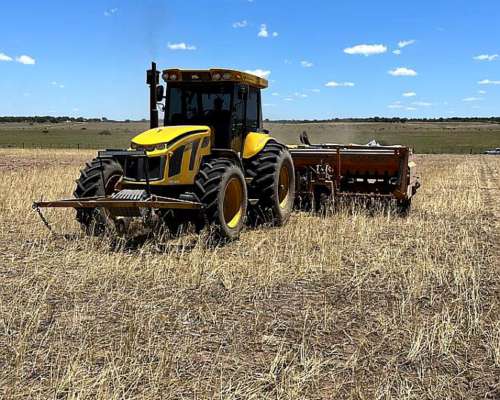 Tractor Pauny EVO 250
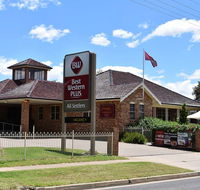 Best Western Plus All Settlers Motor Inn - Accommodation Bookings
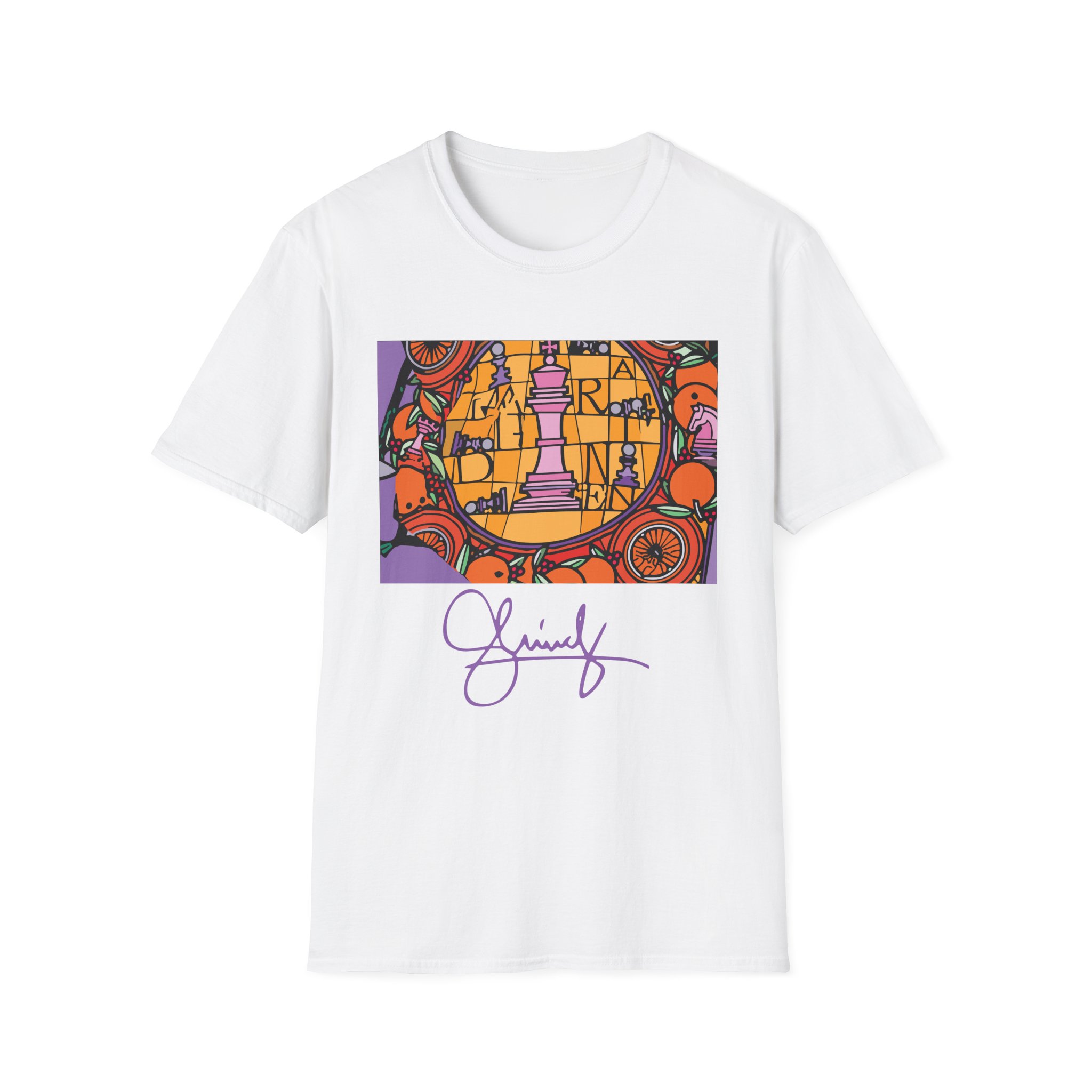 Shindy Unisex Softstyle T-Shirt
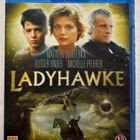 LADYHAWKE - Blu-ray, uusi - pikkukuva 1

################

-- Required action --
Drop the images and copy all the data exactly.

-- Response --
 Tractor Pauny EVO 250
 Best Western Plus All Settlers Motor Inn - Accommodation Bookings
 Shindy Unisex Softstyle T-Shirt
 LADYHAWKE - Blu-ray, uusi - pikkukuva 1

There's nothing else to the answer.